* What you have to do *
An exact copy of the records below is needed, with every picture left out.

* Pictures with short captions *
>>>
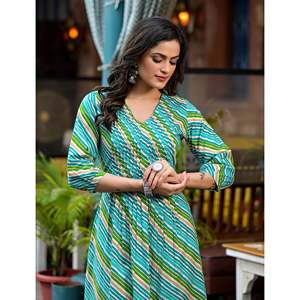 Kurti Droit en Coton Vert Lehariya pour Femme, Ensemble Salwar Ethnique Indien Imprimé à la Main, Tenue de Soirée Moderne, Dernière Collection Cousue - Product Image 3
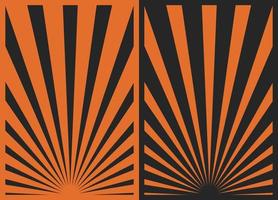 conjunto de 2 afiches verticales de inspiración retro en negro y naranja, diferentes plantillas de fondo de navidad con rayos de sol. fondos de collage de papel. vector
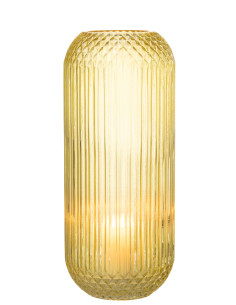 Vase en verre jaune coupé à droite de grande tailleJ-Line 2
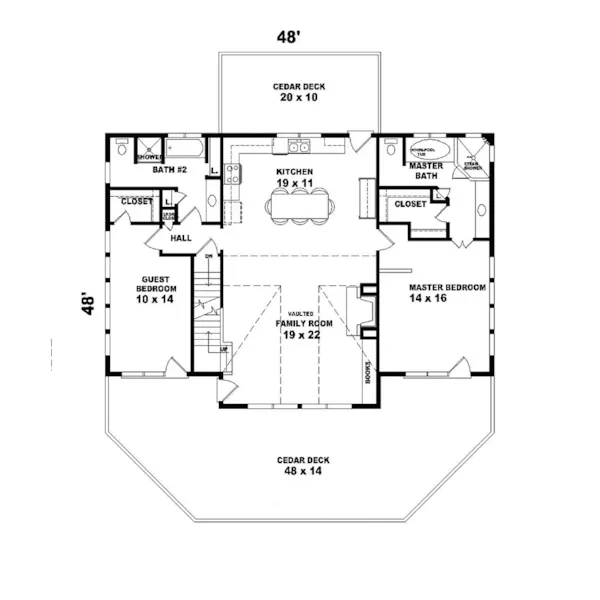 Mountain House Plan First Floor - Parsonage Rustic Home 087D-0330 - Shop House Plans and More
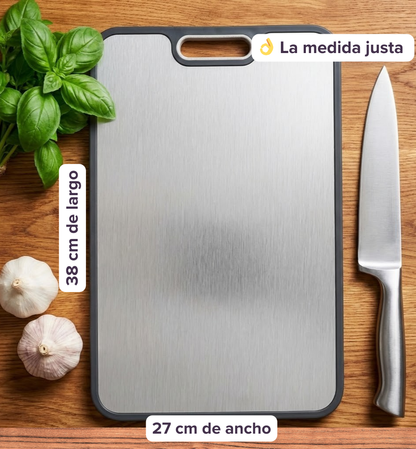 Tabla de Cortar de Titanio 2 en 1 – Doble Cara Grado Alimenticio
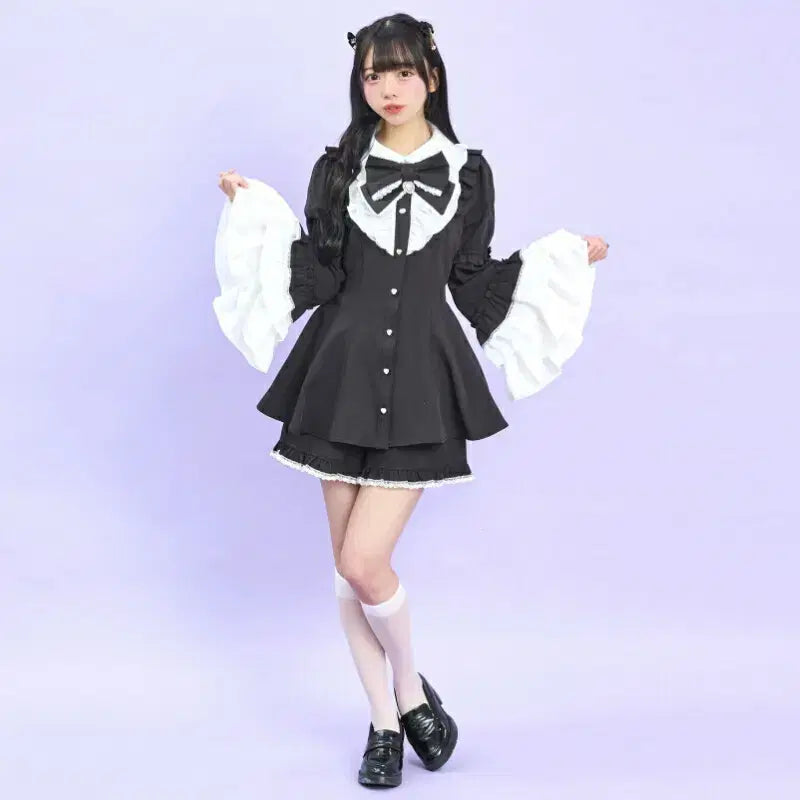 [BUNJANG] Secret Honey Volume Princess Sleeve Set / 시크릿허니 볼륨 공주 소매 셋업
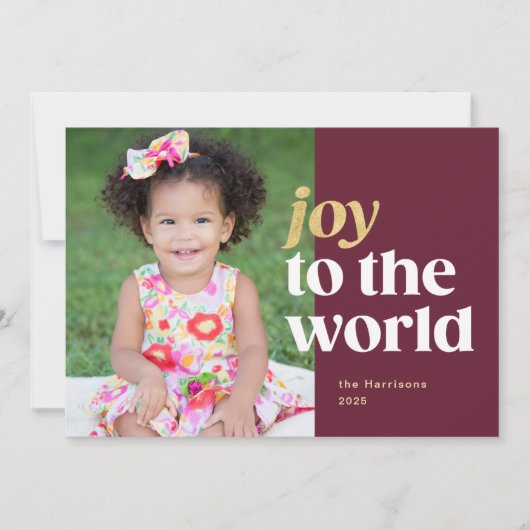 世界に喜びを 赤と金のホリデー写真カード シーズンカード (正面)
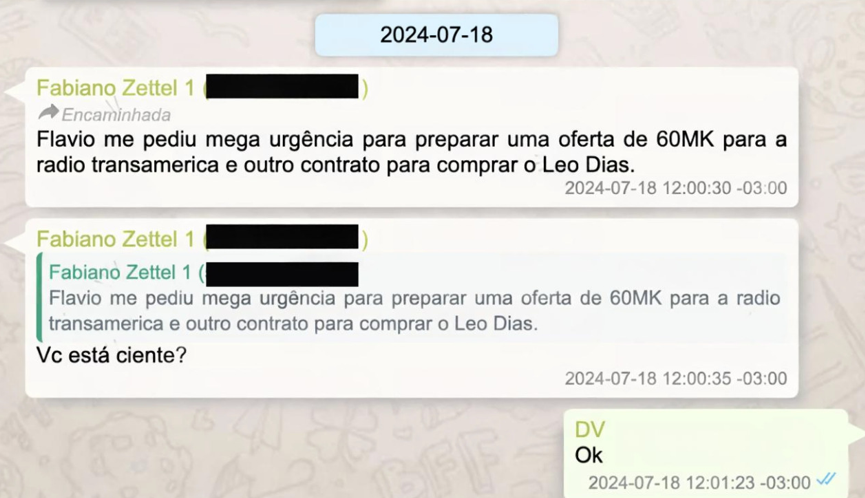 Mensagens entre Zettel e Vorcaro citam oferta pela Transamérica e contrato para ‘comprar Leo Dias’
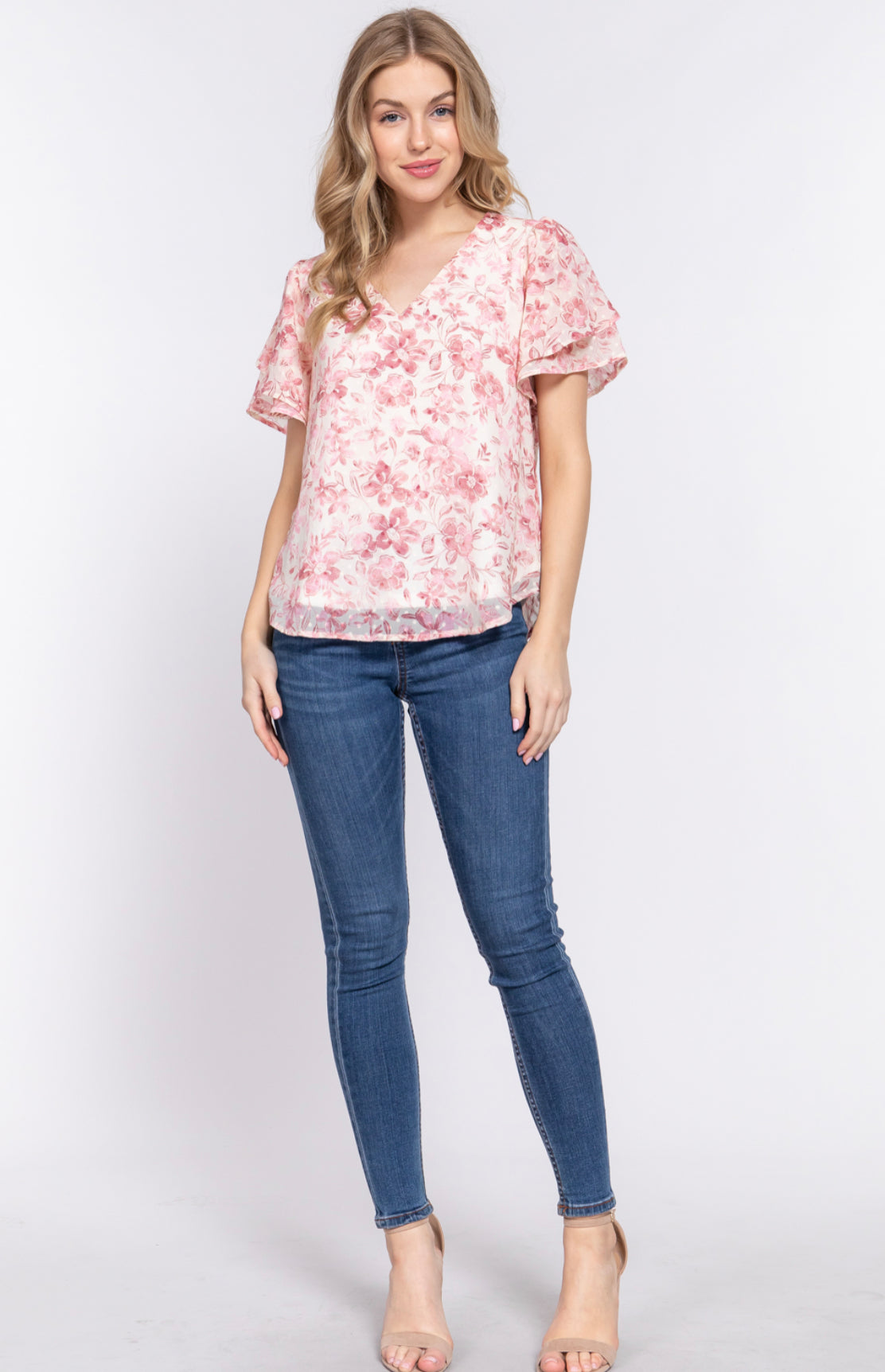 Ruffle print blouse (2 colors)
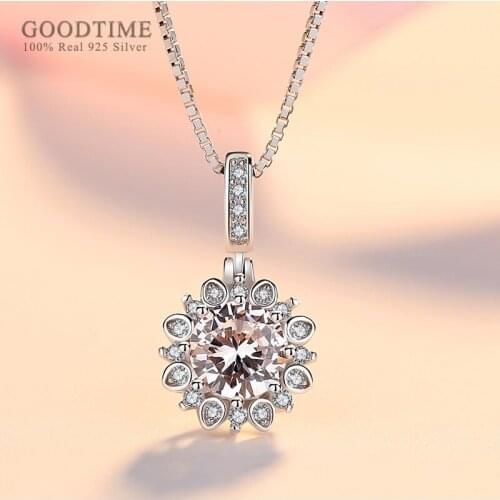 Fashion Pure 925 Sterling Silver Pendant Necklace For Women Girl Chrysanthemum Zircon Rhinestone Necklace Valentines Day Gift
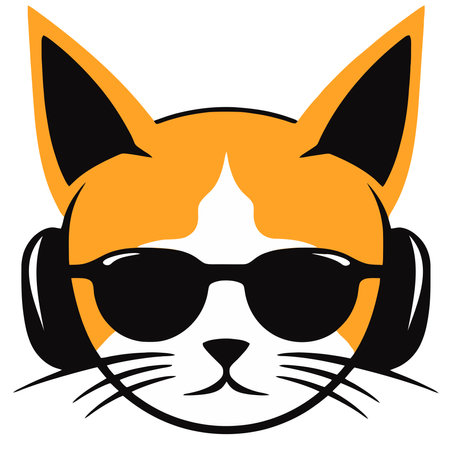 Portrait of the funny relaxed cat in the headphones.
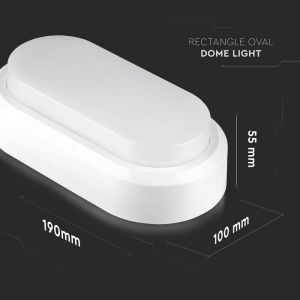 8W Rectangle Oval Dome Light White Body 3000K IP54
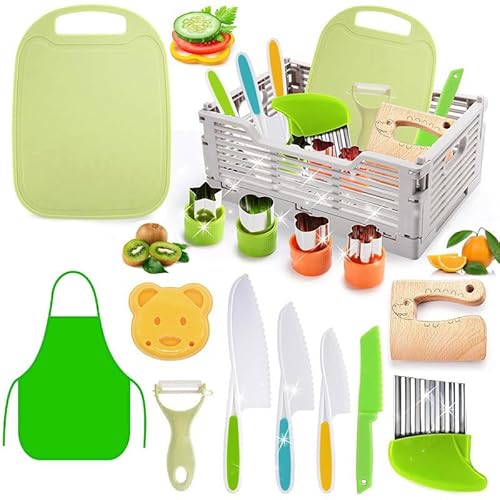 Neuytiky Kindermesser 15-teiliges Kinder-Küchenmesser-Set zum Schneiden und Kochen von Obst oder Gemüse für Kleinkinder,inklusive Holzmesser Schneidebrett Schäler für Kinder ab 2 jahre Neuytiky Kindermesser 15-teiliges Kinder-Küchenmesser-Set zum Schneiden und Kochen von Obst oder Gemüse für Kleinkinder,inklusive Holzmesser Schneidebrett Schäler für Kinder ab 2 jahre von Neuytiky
<<<
* Final answer *
 Kurti Droit en Coton Vert Lehariya pour Femme, Ensemble Salwar Ethnique Indien Imprimé à la Main, Tenue de Soirée Moderne, Dernière Collection Cousue - Product Image 3
 conjunto de 2 afiches verticales de inspiración retro en negro y naranja, diferentes plantillas de fondo de navidad con rayos de sol. fondos de collage de papel. vector
 Vase en verre jaune coupé à droite de grande tailleJ-Line 2
 Mountain House Plan First Floor - Parsonage Rustic Home 087D-0330 - Shop House Plans and More
 Tabla de Cortar de Titanio 2 en 1 – Doble Cara Grado Alimenticio
 [BUNJANG] Secret Honey Volume Princess Sleeve Set / 시크릿허니 볼륨 공주 소매 셋업
 世界に喜びを 赤と金のホリデー写真カード シーズンカード (正面)
 Mensagens entre Zettel e Vorcaro citam oferta pela Transamérica e contrato para ‘comprar Leo Dias’
 Ruffle print blouse (2 colors)
 Fashion Pure 925 Sterling Silver Pendant Necklace For Women Girl Chrysanthemum Zircon Rhinestone Necklace Valentines Day Gift
 Portrait of the funny relaxed cat in the headphones.
 8W Rectangle Oval Dome Light White Body 3000K IP54
 Neuytiky Kindermesser 15-teiliges Kinder-Küchenmesser-Set zum Schneiden und Kochen von Obst oder Gemüse für Kleinkinder,inklusive Holzmesser Schneidebrett Schäler für Kinder ab 2 jahre Neuytiky Kindermesser 15-teiliges Kinder-Küchenmesser-Set zum Schneiden und Kochen von Obst oder Gemüse für Kleinkinder,inklusive Holzmesser Schneidebrett Schäler für Kinder ab 2 jahre von Neuytiky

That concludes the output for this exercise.